WHAT IS REQUIRED = Using the entries below, output exactly the lines from the one containing "Greninja Ninja Star" through the final line, both included, and no others.

Top of MATERIAL FOR THE TASK

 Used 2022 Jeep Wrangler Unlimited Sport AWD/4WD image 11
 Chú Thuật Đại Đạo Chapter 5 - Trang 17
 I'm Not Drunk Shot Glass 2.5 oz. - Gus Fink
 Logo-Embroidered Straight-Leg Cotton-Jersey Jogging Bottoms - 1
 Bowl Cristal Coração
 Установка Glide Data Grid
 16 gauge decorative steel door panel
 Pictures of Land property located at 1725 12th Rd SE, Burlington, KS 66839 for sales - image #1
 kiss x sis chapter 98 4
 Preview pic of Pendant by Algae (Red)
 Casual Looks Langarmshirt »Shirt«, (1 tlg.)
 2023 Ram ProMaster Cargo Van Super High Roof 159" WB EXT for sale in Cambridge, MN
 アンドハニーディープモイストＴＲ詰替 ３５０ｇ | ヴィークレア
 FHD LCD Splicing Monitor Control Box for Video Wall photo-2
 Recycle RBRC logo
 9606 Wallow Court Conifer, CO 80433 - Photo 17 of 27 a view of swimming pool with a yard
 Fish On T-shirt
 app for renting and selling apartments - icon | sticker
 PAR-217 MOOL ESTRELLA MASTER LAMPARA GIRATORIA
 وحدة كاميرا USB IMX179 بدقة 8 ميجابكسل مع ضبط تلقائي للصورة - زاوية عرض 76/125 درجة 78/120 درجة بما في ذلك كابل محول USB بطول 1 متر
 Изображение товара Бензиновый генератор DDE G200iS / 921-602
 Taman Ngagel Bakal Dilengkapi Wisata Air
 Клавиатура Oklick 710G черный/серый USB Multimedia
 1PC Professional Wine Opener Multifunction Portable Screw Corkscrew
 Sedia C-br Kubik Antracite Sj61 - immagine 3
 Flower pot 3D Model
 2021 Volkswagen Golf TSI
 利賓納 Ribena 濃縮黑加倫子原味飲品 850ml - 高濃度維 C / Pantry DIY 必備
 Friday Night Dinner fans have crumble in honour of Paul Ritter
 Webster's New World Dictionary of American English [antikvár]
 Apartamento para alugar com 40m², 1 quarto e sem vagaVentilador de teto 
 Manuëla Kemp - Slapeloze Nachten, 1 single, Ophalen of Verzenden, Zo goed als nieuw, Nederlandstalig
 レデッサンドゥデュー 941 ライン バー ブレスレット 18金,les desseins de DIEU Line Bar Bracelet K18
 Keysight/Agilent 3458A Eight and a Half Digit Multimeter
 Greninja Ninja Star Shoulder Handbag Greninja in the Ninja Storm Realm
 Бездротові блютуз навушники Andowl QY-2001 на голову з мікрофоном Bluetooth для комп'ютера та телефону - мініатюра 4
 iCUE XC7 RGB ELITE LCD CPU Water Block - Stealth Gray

Bottom of MATERIAL FOR THE TASK

ANSWER BELOW =
 Greninja Ninja Star Shoulder Handbag Greninja in the Ninja Storm Realm
 Бездротові блютуз навушники Andowl QY-2001 на голову з мікрофоном Bluetooth для комп'ютера та телефону - мініатюра 4
 iCUE XC7 RGB ELITE LCD CPU Water Block - Stealth Gray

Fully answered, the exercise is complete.